Hrabia aż do krwi przygryzł wargi, powstrzymując tem wybuch gniewu, przyszło mu bowiem na myśl, iż okryłby się śmiesznością, gdyby pozwolił dać się ponieść swemu temperamentowi. Czuł jednak, iż dalsza rozmowa jest ponad jego siły, to też już skierował swe kroki ku wyjściu bez pożegnania nawet, gdy wtem jakaś chmura przysłoniła mu oczy, pozostawiając na czole ślad wyraźnego niepokoju, w miejsce obrażonej dumy.
— Słuchajno — rzekł — kochany Danglarsie, znamy się od bardzo wielu lat, powinniśmy mieć dla siebie pewne względy. To właśnie biorąc pod uwagę powinienbyś mi powiedzieć wyraźnie, jakiemu wypadkowi syn mój ma do zawdzięczenia utratę twej przychylności i względów?
— Niema w tem żadnej osobliwej przyczyny, syn pański jest zawsze taki sam, jakim był dotychczas, to tylko mogę panu powiedzieć — odpowiedział Danglars, przybierając odrazu ton ostry, gdy tylko spostrzegł, iż Morcef złagodniał.
— Któż tedy ma tutaj być winien? — zapytał hrabia, głosem zmienionym, przyczem jego czoło okryło się bladością.
Danglars, śledzący bacznie te wszystkie oznaki wzruszenia, utkwił wtedy w Morcefie wzrok pewny, wyzywający, zuchwały.
— Proszę mi raczej podziękować, że się bliżej nie tłumaczę!
— Mam prawo — zawołał już nie panujący nad sobą Morcef — mam prawo żądać, abyś pan wytłumaczył się z tych słów.
— Z czegóż ja mam się tłumaczyć panu? Każdy z nas może być narażony na to, że krążyć o nim mogą najokropniejsze potwarze?...
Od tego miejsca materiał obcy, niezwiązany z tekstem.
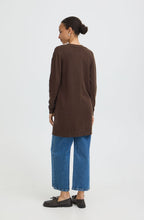 Java Brown Nonina Open Front Cardigan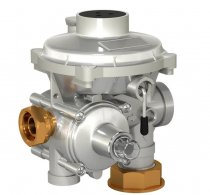 Регулятор давления комбинированный (Термобрест) РС-50-КД исполнение угловое (накидн. гайки, У2, алюминий)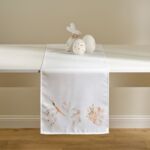 Bieżnik dekoracyjny Bunny Rabbit 35 x 180 cm zając z marchewką biały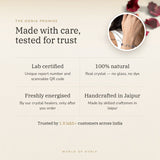 The Oorja promise โ Aquarius bracelet, lab certified
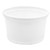 16 oz White PP Plastic Round Tub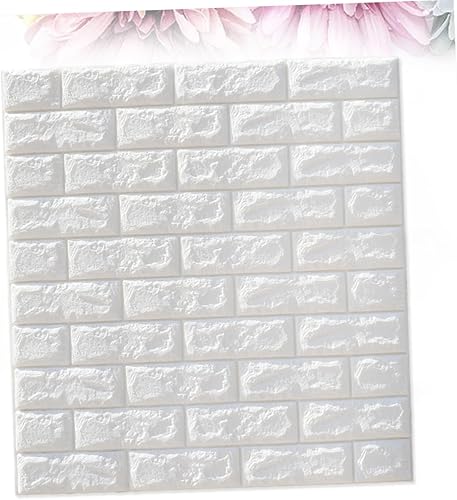 Miniatura 8 de Angoily 3 calcomanías de pared de ladrillo en D, autoadhesivas, decoración del hogar, papel tapiz de ladrillo, autoadhesivo, anticolisión, apliques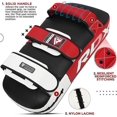 thumbnail image 3 of RDX Kick Shield for Kickboxing, Strike pad, Kicking pad, Strike Shield, Muay Thai Boxing, MMA Training Red (One Pad Only), 3 of 8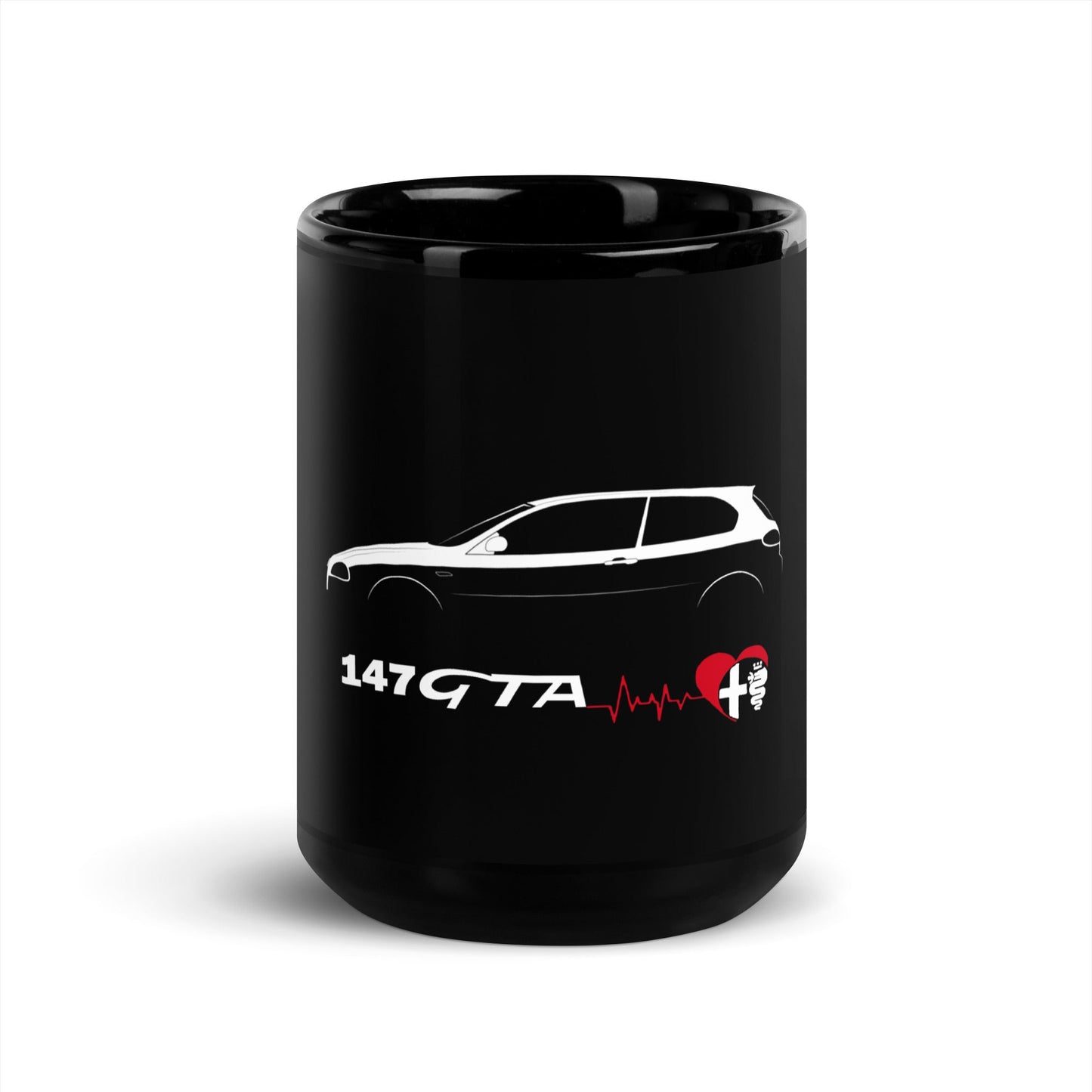 Tazza personalizzata da te per bevande calde dedicata ai fan dell’Alfa Romeo 147 GTA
— Potwarze, mówisz?... zawołał Morcef i zbladł jak ściana. — Więc mnie spotwarzają?...
— Panie hrabio, nie poruszajmy lepiej tej sprawy, zwłaszcza iż jest może ona przykrzejsza dla mnie, aniżeli dla pana, ja bowiem liczyłem bardzo na zaszczyt połączenia się z domem pańskim, a małżeństwo niedoszłe do skutku, szkodzi zawsze o wiele więcej narzeczonej, aniżeli narzeczonemu.
— A więc dobrze, mój panie, nie mówmy więcej o tem — odpowiedział Morcef i wyszedł z pokoju, naciągając z wściekłością na dłonie rękawiczki.
Tego samego dnia młody Andrzej Cavalcanti, który po całych dniach przesiadywał w salonie bądź baronowej, bądź baronówny, wyszedł ostatni z domu bankiera.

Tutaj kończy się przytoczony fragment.